Dr Petty, in thinking about your comments I thought it would be easy enough to administer the antidote for T.gondii to individuals who test positive and demonstrate psychotic behavior to see if they improve. It seems such a low tech, simple thing to do with potentially great benefit. But alas I found it is not that simple, see below:
Dear Stuart –
A fine idea, but it is complicated by the fact that there is no antidote that eradicates Toxo infection. All known drug treatments only zap the acute form (tachyzoite), not the latent encysted form (bradyzoite). The latter stage is the one linked to the putative neurological effects.
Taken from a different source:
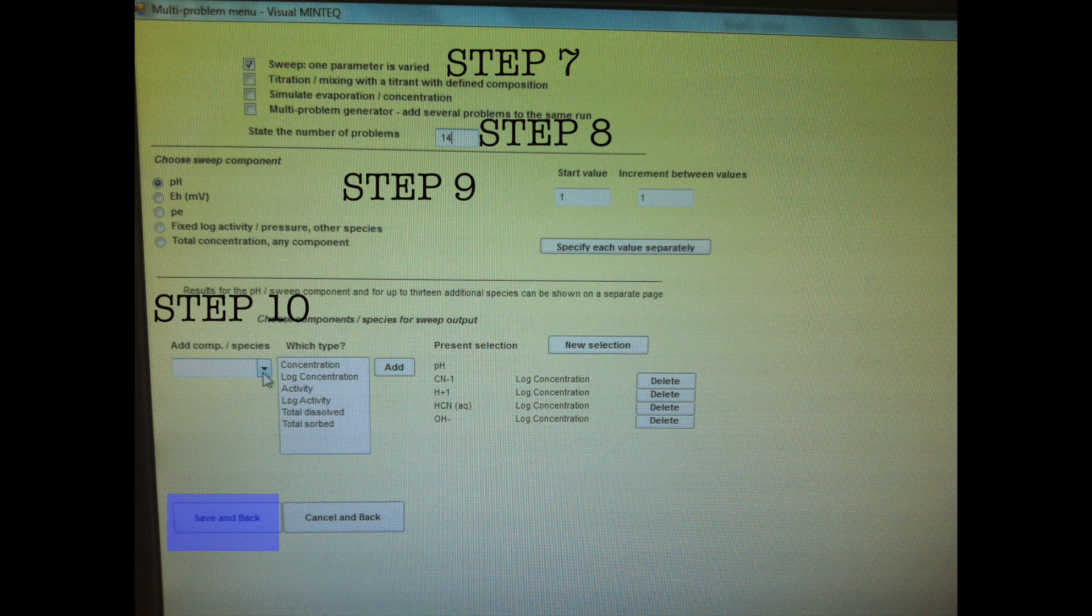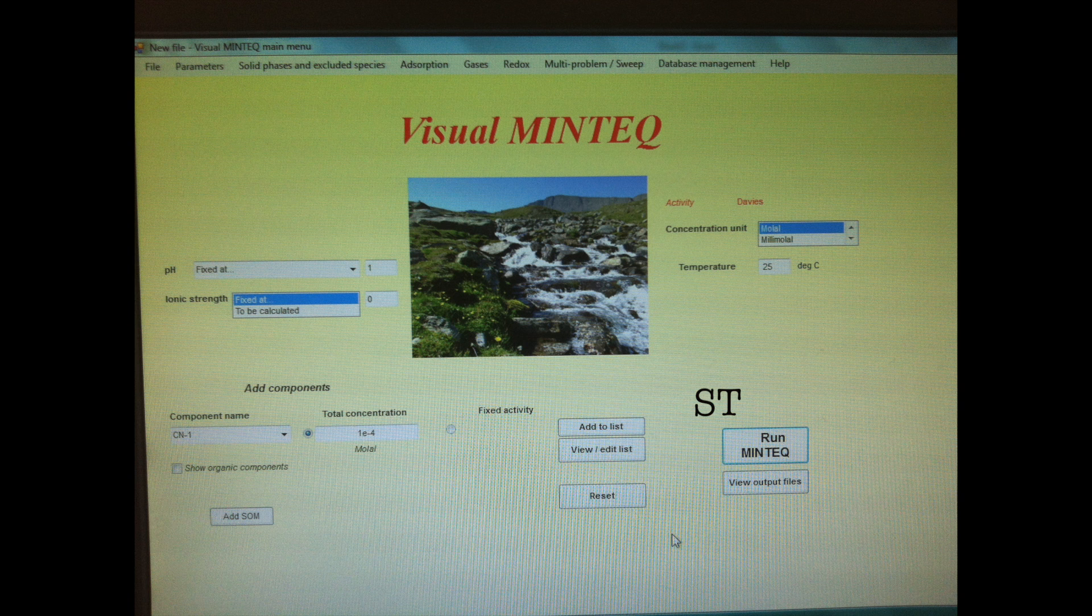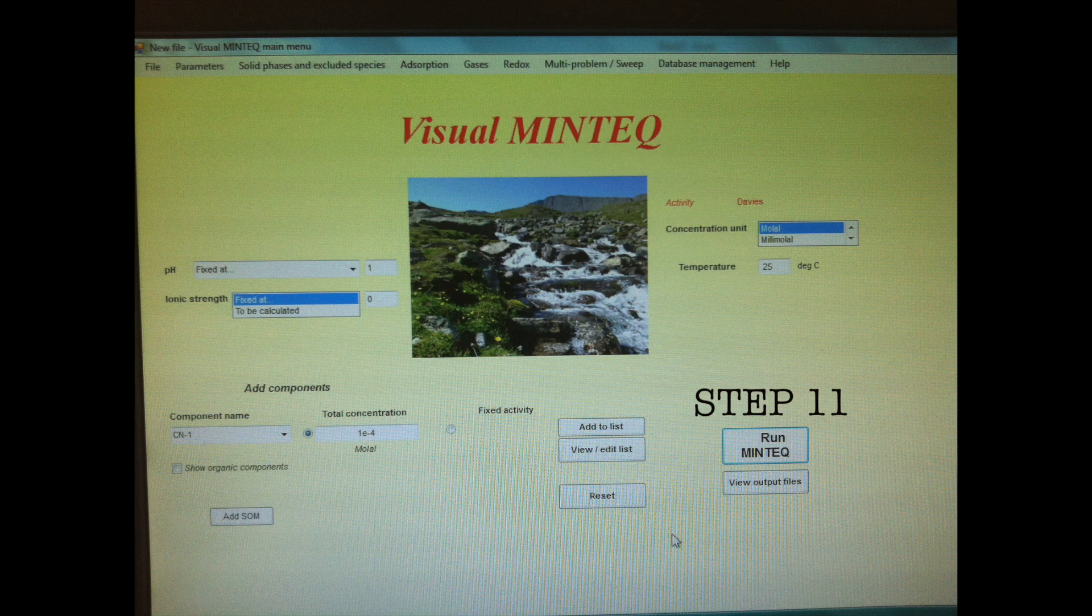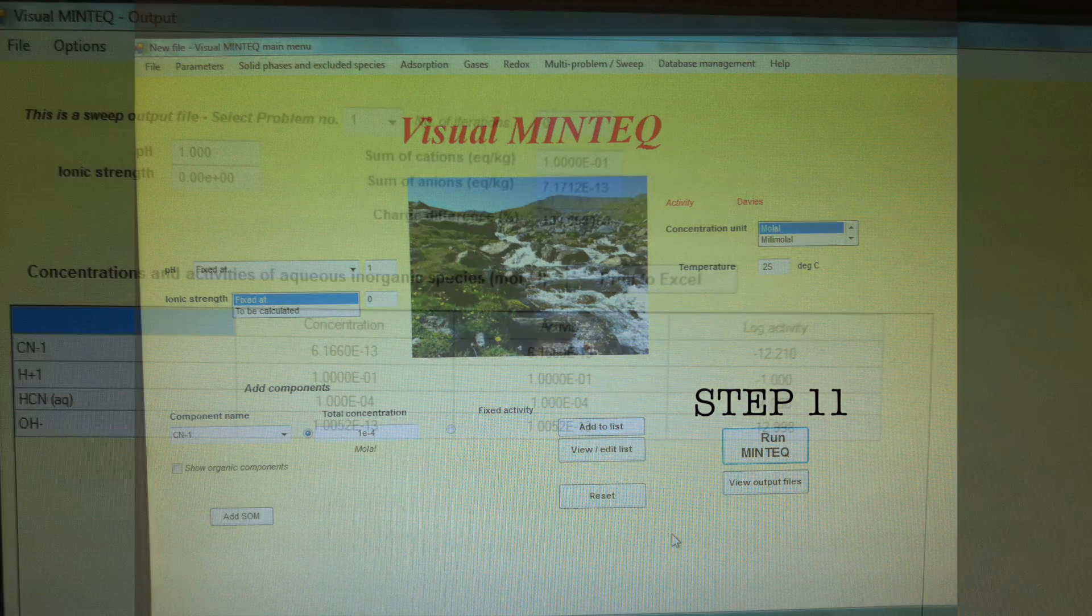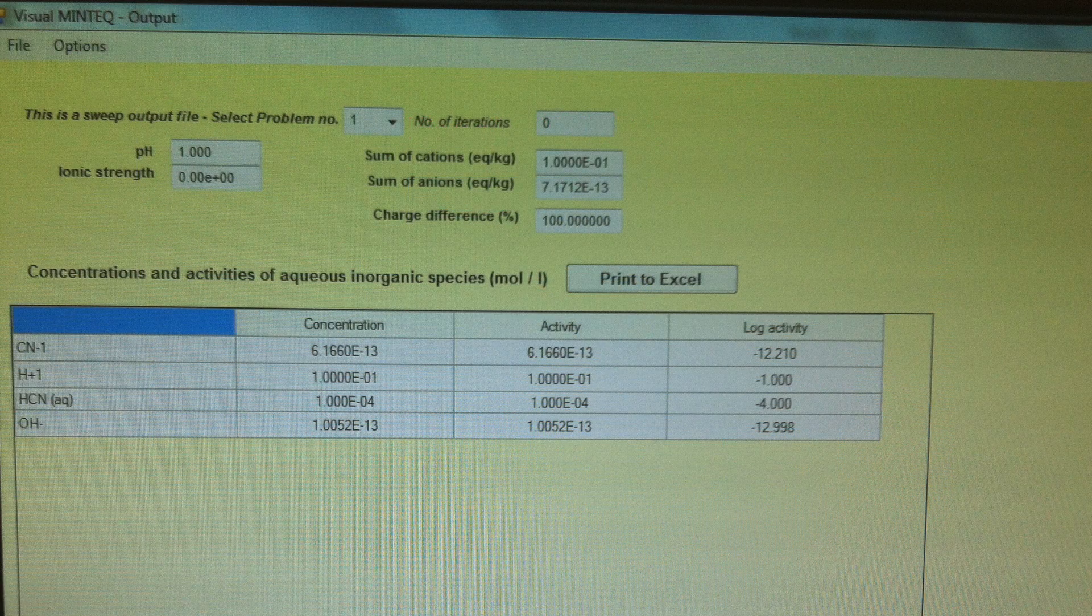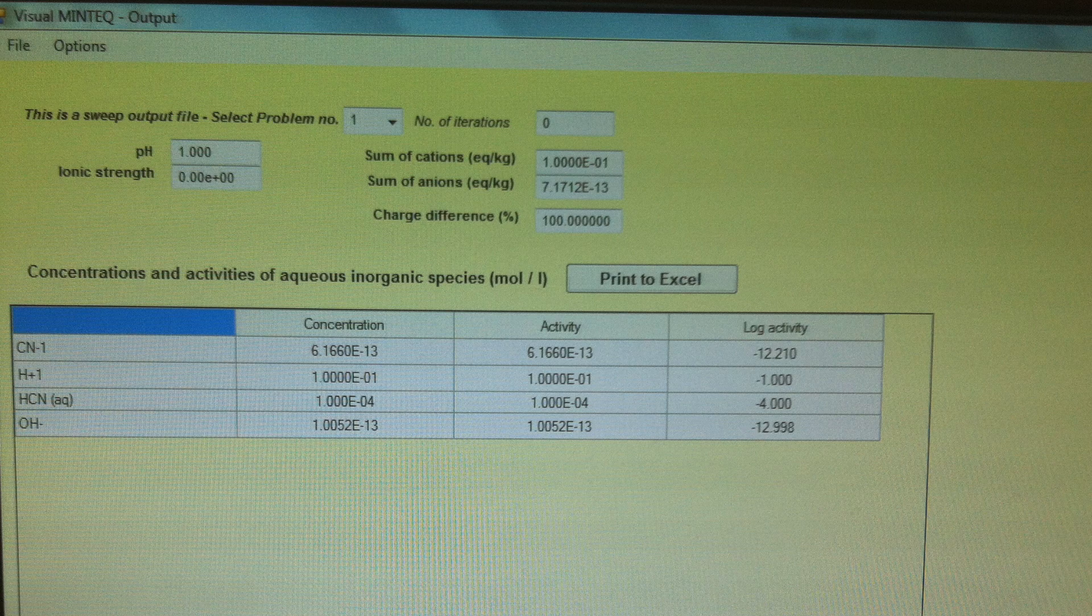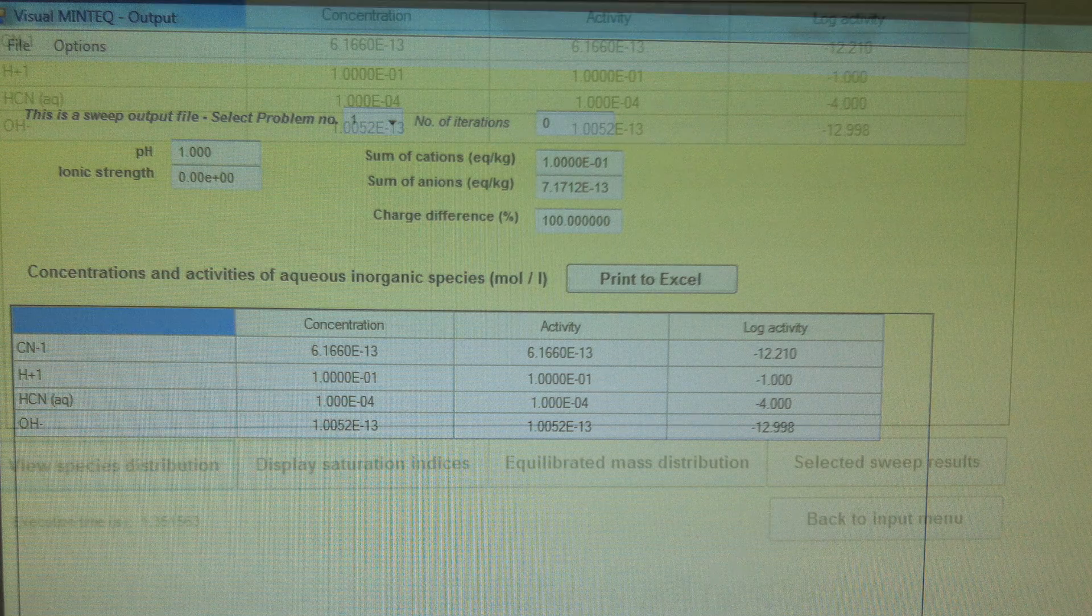And now let's run our program. Here's our output screen at our first iteration point, so it's pH 1 showing my concentrations, activities, log activities for the various species.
Incidentally, this is also why Toxo is such a big problem in AIDS patients…our drugs can control the acute toxoplasmosis, but the parasite will convert into a cyst impervious to the drugs. Drugs must be withdrawn within 2-3 weeks due to toxic side effects, and the acute toxoplasmosis comes right back. Many labs are busy investigating this conversion of the parasite from tachyzoite to bradyzoite in hopes of subverting this clinically relevant process.

I hope this was informative. Thanks for writing…Bill


Bill Sullivan, Ph.D.
Assistant Professor of Pharmacology & Toxicology
Center For AIDS Research
Indiana University School of Medicine

Richard Petty

Dear Stuart,

Thank you so much for your note.

Sad to say Dr. Sullivan is totally correct. If only it were a matter of dishing out some pyrimethamine or Dapsone to humans we would all have jumped on it. It is difficult to imagine the suffering of some people with chronic mental illness and we would do almost anything ethical to help them.

But I remain optimistic. If the toxoplasmosis story really holds up, it raises all kinds of possibilities. Medicines are in development at this moment that may actually be able to hit the bradyzoites themselves. Most have been too toxic to use, but there are some like 2-hydroxy-3- (1'-propen-3-phenyl)-1,4-naphthoquinone (PHNQ6), sulfadiazine and sulphamethoxazole have been shown to help and there’s a new approach using DNA vaccination with bradyzoite antigens. I am a great believer in human ingenuity!

Kind regards,

RP

Stuart

"Vaccination as a control strategy against the coccidial parasites Eimeria, Toxo and Neospora" Maybe we are getting closer than you think!